ROHINGYA FLEE CROWDED CAMPS ON BOATS AS REPATRIATION HOPES FADE

Children now among refugees

AN INCREASING number of Rohingya people are leaving refugee camps in Bangladesh with their children, taking to boats in search of a better life as hopes fade of returning to Myanmar or being resettled, and camp life gets tougher, aid groups said.

Nearly one million members of the Muslim minority from Myanmar live in bamboo-and-plastic camps in the Bangladeshi border district of Cox’s Bazar, most after fleeing a military crackdown in Myanmar in 2017.


“A few years ago, these boats mostly carried young males,” said Chris Lewa, director of the Arakan Project that helps refugees, referring to small boats that set off from the Bangladesh and Myanmar coasts, usually bound for southeast Asia. “A large number aboard are entire families, parents with children, and sometimes extended families.”

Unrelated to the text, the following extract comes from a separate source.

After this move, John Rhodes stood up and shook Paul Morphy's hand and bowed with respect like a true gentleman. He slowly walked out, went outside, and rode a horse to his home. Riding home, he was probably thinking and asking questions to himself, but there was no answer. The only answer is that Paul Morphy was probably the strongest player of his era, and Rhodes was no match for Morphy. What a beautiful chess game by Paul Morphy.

Rohingya traditionally take to sea in October, at the end of the rainy season, on journeys fraught with danger. The boats, often overcrowded, can sink, or run out of food and water, and the Rohingya can fall into the hands of people smugglers.

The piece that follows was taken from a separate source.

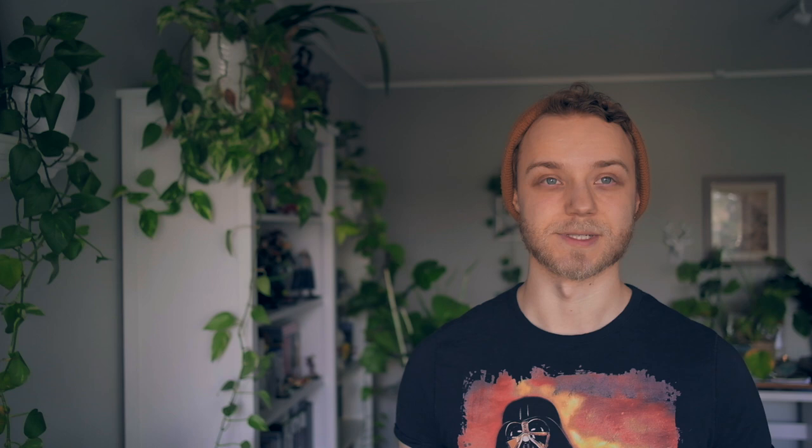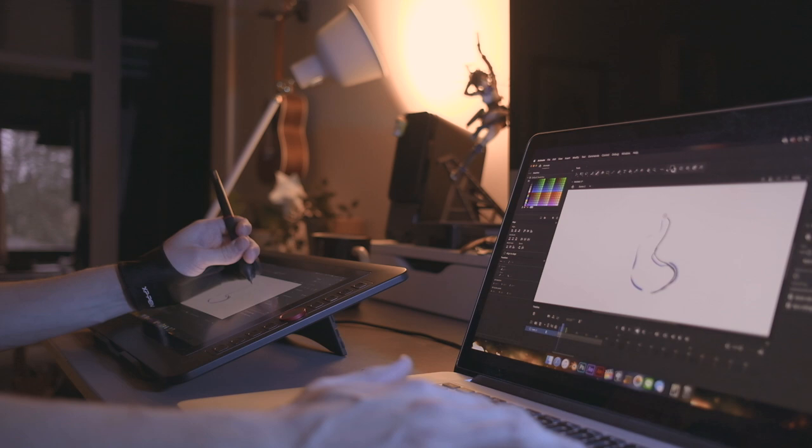I was actually supposed to make this video already a week ago and the main focus was going to be the new drawing display that you saw in the intro. But at some point I realized that I just don't have enough interesting material and the video is gonna be super short and pretty boring in the end. So I decided to skip one week and add some more to it.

Out of an estimated 1,084 Rohingya who came ashore in Indonesia’s Aceh province in November, 360 were children, 292 women and 238 men, according to UN refugee agency data.

Of 3,572 Rohingya who left on 34 boats this year, 31 per cent of them were children, data showed.

About 65 per cent of those leaving set off from Bangladesh this year, compared with 27 per cent last year. Most of the rest leave from Myanmar.

In 2022, one of the deadliest years for the Rohingya at sea, a fifth of the about 3,705 people who fled were children.

“Children making the boat journeys was not a trend before,” said Mohammed Mizanur Rahman, Bangladesh’s refugee relief and repatriation commissioner based in Cox’s Bazar.

Rohingya have faced persecution in Buddhist-majority Myanmar for decades. They are generally regarded as foreign interlopers from south Asia, denied citizenship and subjected to abuse.

With little hope of settling in Bangladesh or being accepted elsewhere, they feel they have no choice but to take to the sea, Rahman said. “When an entire section becomes stateless, when they see no prospect of their repatriation or integrating into the countries they are settled in, they obviously become worried about the future of their next generation,” he said.

Aid workers said more families are taking to the sea as conditions in the refugee camps are getting much tougher.

This year, the UN cut food aid to the refugees in Bangladesh by a third, to $8 (£6.30) per person a month because it has been able to raise fewer than half of the $876 million (£690m) needed to support them.

“You can’t even buy an egg with that,” said Rahman, referring to a meal allowance of about 9 Bangladeshi taka (£0.06p) per person.

The chances of going home to Myanmar are more slim than ever. The military government has offered talks on repatriation, but no progress has been made and security is deteriorating with a growing insurgency against military rule.

“No one can think of going back right now,” said refugee Mohammed Taher in Cox’s Bazar, who knows two families that recently set off for Malaysia. “Some people are desperate to leave by any means. They’re ready to take dangerous sea voyages knowing that they can end up dead.”